Anfield explains that he spends a lot of time posing his ever-growing collection of sock-monkey models. “I prop them up a little bit, of course, but only just enough that the natural pull of gravity is on them, because I think that’s when they read the most honest.
“I like when they have this sort of natural weight, the natural pull of gravity,” he continues. “That’s something we respond to as people, because our lives are like that; we get pulled around by the ebbs and flows and the forces that surround us.”
Anfield’s own artistic path pays tribute to going with the flow. Sock monkeys are a rare constant in his oeuvre: he’s been painting them for 20 years. But during that period he’s also ventured into improvised music as a guitarist and explored butoh as a dancer, and his experiences on-stage have definitely spilled over into his work in the studio.
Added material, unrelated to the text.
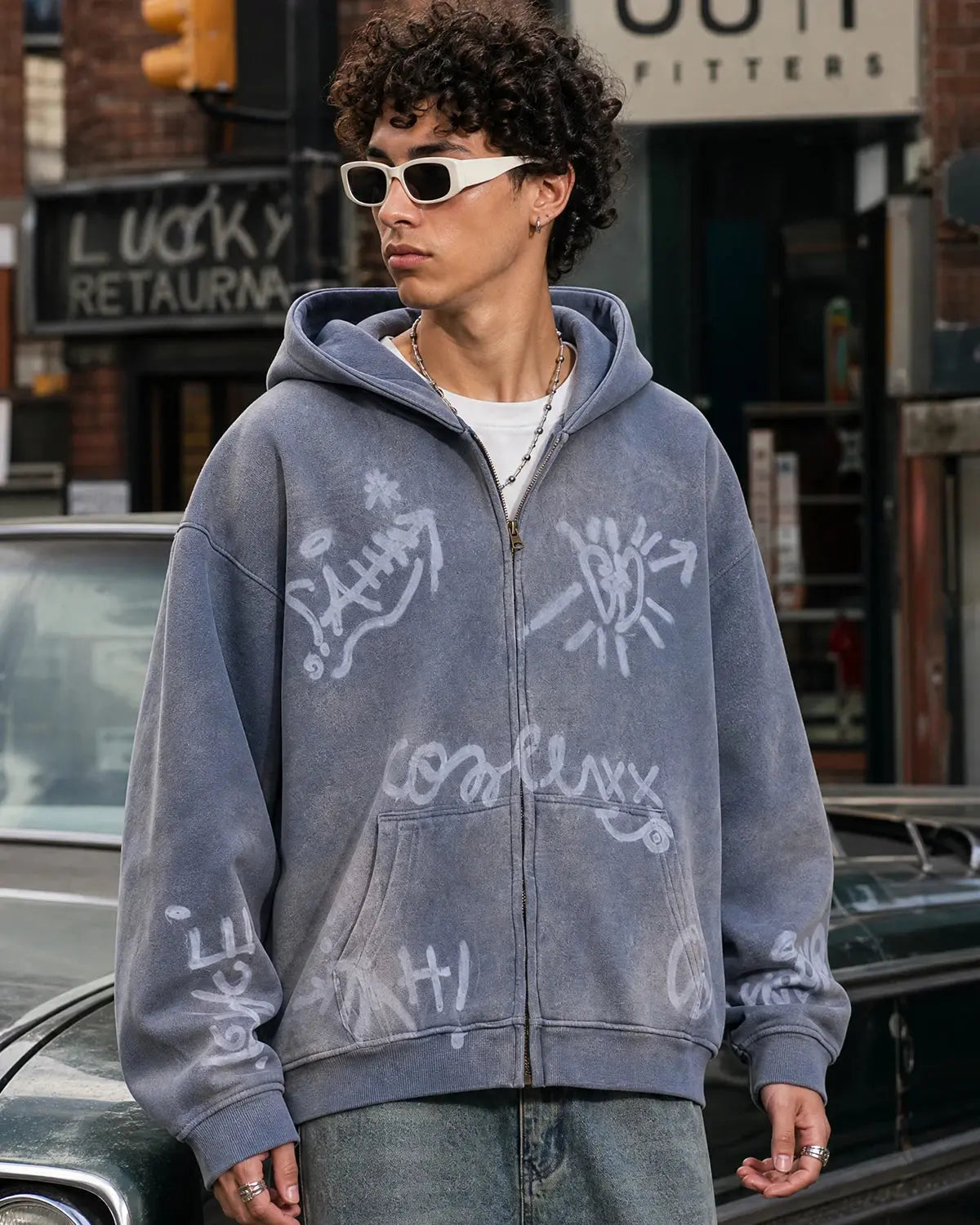 Flation graffiti washed zip-up hoodie featuring a colorful graffiti design and a casual, relaxed fit on a model.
“Butoh was quite a logical extension of working as a figure artist, you know, working with your body in a theatre,” says Anfield, who has performed with Kokoro Dance and his own Butoh-A-GO-GO company. “And then from that experience, I feel that with the monkeys I can get a lot of figurative qualities in the way they’re arranged, but also a theatrical quality in the way they take up space, and in the way they’re lit. Without wanting to sound too corny, having had that experience of being on a stage and inside those lights does inform this work.”
This suggests that there’s more to Anfield’s monkeys than might immediately meet the eye. Even so, he stresses, play and pleasure are a big part of their appeal.
“The number one thing for me is how full of life they are,” he says. “It’s a good time to be alive in the world, so let’s get on with it.”